An introduction to Python stream processing frameworks
Stream processing is becoming increasingly crucial to the success of organizations in every industry. The volume and velocity of data are increasing rapidly:
- Volume: By 2025, IDC estimates there will be 55.7B connected devices worldwide, creating 73.1ZB of data per year.
- Velocity: Speed is a competitive advantage in the digital economy. Organizations that can act on their data in milliseconds gain the most valuable insights.
It’s simply impossible for humans to understand data at this volume and velocity, much less act on it. This is where stream processing becomes most valuable — automating responses to take near real-time action.
Companies that wish to take advantage of machine learning and automation are hiring data scientists rapidly, leading to an explosion of demand for the practice. But the tools supporting data scientists are centered around batch processing of historical data, making it hard for them to work with streaming data.
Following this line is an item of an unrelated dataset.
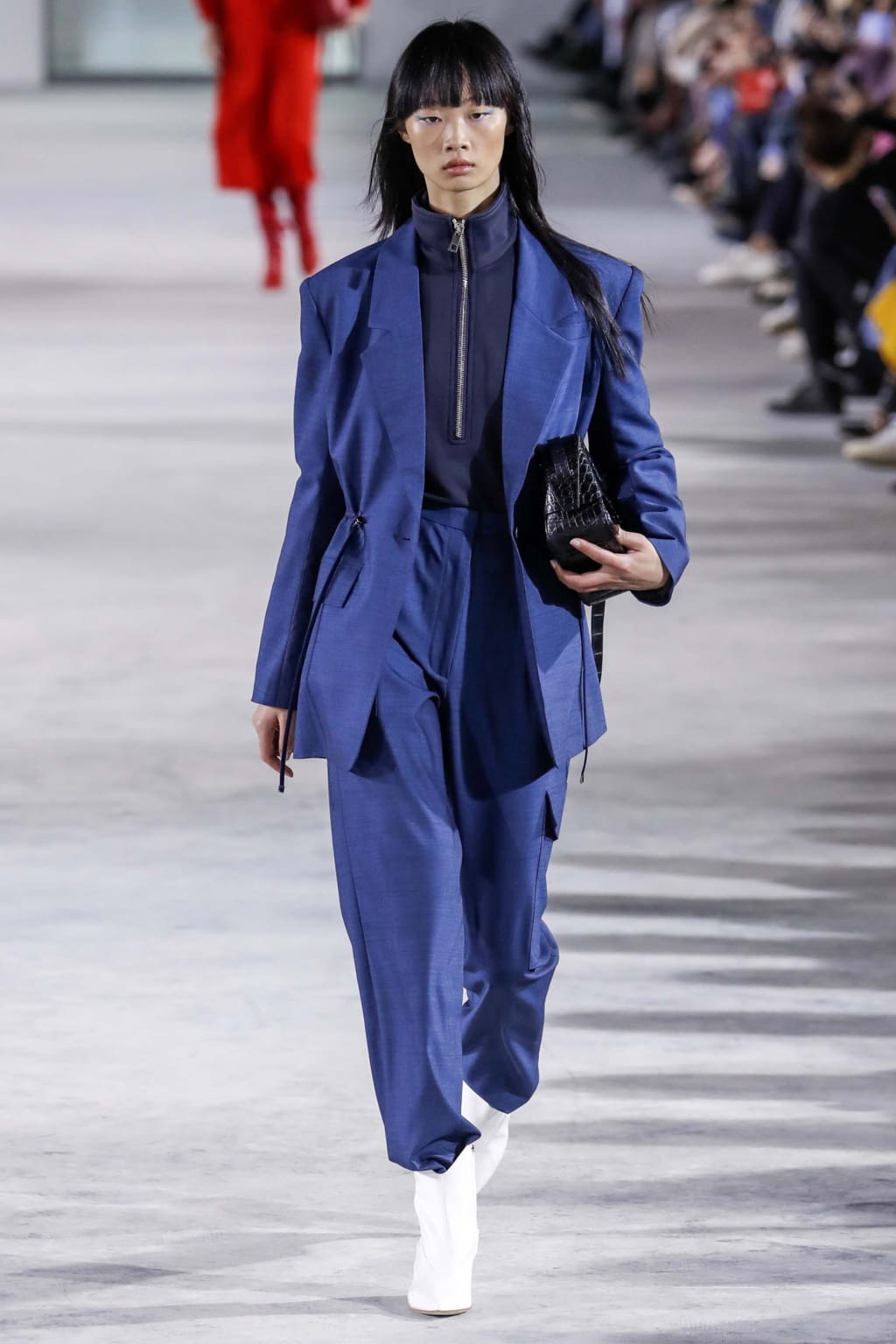 Fashion Week New York Fall/Winter 2018 look 31 from the Tibi collection womenswear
This is where Quix comes in. We’ve created a Python-friendly client library that enables data scientists to process streaming data and deploy their machine learning models and data products without intervention from developers and other technical specialists.
This article will discuss the options for developing on streaming data with Python, introduce the Quix Python client library for stream processing, and show you how to use it.
What Python libraries exist for stream processing?
There are currently four libraries that support stream processing (Apache Spark, Apache Flink, Kafka, and the Quix SDK) worth investigating. There’s also Beam, but we won’t cover it here because it’s an ETL (extract, transform and load) pipeline tool that still relies on Spark or Flink for executing the Python code.
Spark structured streaming
Apache Spark is a library for processing data on the compute cluster (your ML model). Written in Scala, it streams data in micro batches that are typically tens of seconds to minutes in size. This can introduce latency (think of latency as the chunk size of data processing) and performance problems (falling behind the leading edge of data as it is created) when working with live data. We explain these problems in depth in our test of client libraries.
Spark has a Python API that provides operators like map, filter, count and join with more advanced features such as windowing, checkpointing, and caching. Importantly for data scientists, Spark also supports MLlib and DataFrames (to enable complex processing). However, they cannot write results back to a message broker, making it hard to build streaming pipelines.
Flink is also designed for processing data on the compute cluster. Written in Java and Scala, it supports “true stream” (message-by-message) processing. There are APIs to read and write messages between a message broker. However, data is converted to broker message formats, which adds complexity.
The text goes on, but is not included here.